It modular design means it shares common engines with other new, cryogenic Long March vehicles. Depending on the cause of the anomaly, the failure could impact upcoming missions.

The RP-1/liquid oxygen side boosters and core stage share commonalities with the Long March 5, including YF-100 engines. An issue with these engines could potentially impact planned Long March 5 missions, including China’s first independent interplanetary mission—to Mars—in July. It could also have knock-on effects for China’s space station plans.

If the issue was with the second stage YF-115 engines, the impact of the failure could be limited to the Long March 6 and 7 series rockets.
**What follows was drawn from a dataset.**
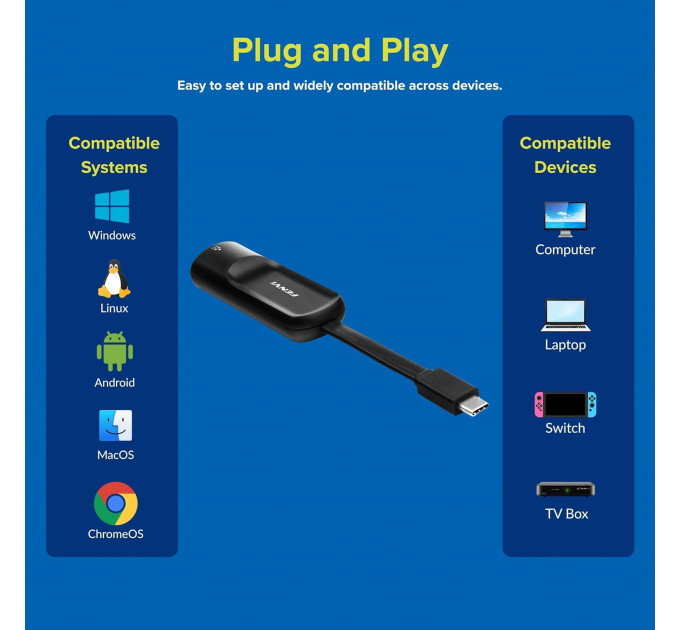 Сетевой адаптер Type-C на RJ45 Fenvi FR-G2500C 2500Mbps 2.5G Ethernet переходник сетевая карта (Black) (19129)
A new variant of the Long March 6 developed by the Shanghai Academy of Spaceflight Technology is expected later in 2020.

An upper stage problem could see knock-on effects for the older, Long March 3 series rockets, as the Long March 7A third stage is adapted from the Long March 3B. The 3B is the current workhorse for Chinese GTO launches.

Long March 7A

The 60.13-meter-long Long March 7A  has a liftoff mass of around 573 metric tons, according to the China Academy of Launch Vehicle Technology, a CASC subsidiary.

The 7A uses the same 3.35-meter-diameter kerolox core and four 2.25-meter-diameter side boosters as the stand Long March 7 but includes an additional hydrolox third stage. The added stage is adapted from the older generation Long March 3B rocket to allow it to send payloads to GTO. 
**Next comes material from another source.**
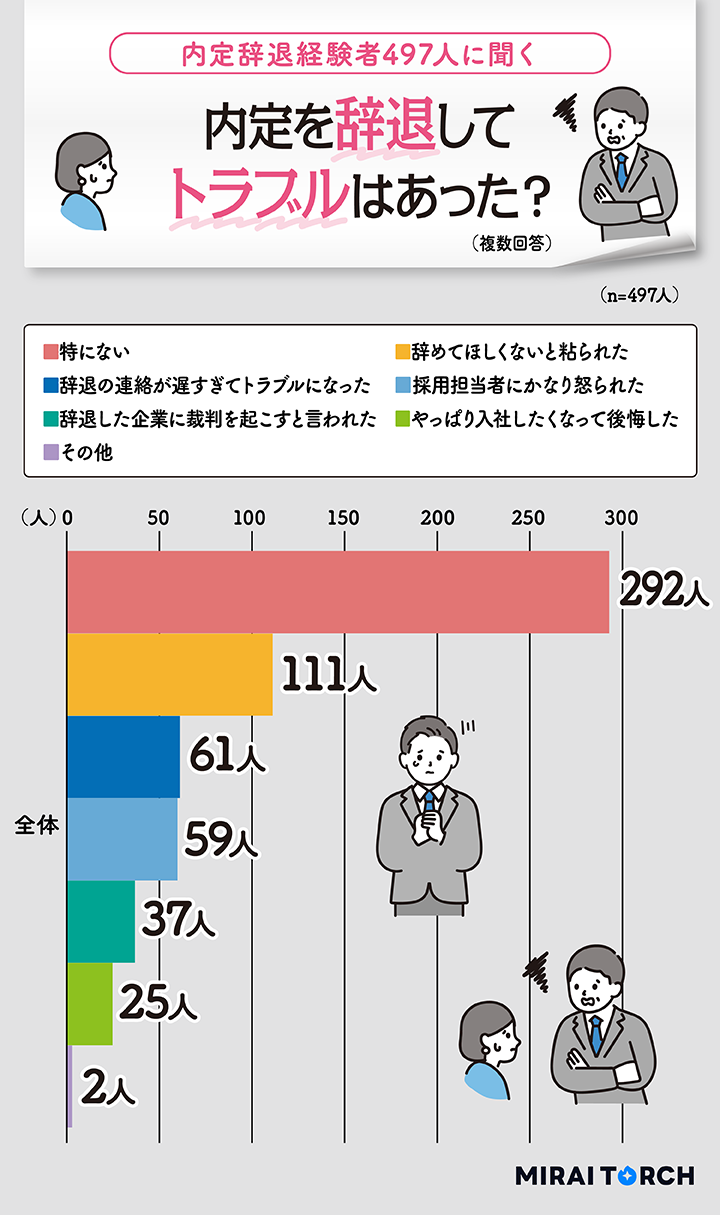 内定を辞退してトラブルはあったかどうかの回答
The new launch vehicle could become China’s main rocket for communications satellite missions. The modularised, cryogenic rocket could have benefits in terms of cost, but also in reducing threat to life and property. 

The older, hypergolic Long March 3B is China’s current option for launches to GTO. The 3B launches from deep inland at Xichang, Sichuan province, resulting in spent stages frequently falling on inhabited areas. The Long March 7A launches from the coastal Wenchang spaceport, meaning its flightpath is over the sea. 

China’s new Long March 5 and 7 series rockets are a new generation of launch vehicles. They are designed to boost the country’s launch capabilities and to some extent replace the ageing hypergolic Long March launch vehicles. 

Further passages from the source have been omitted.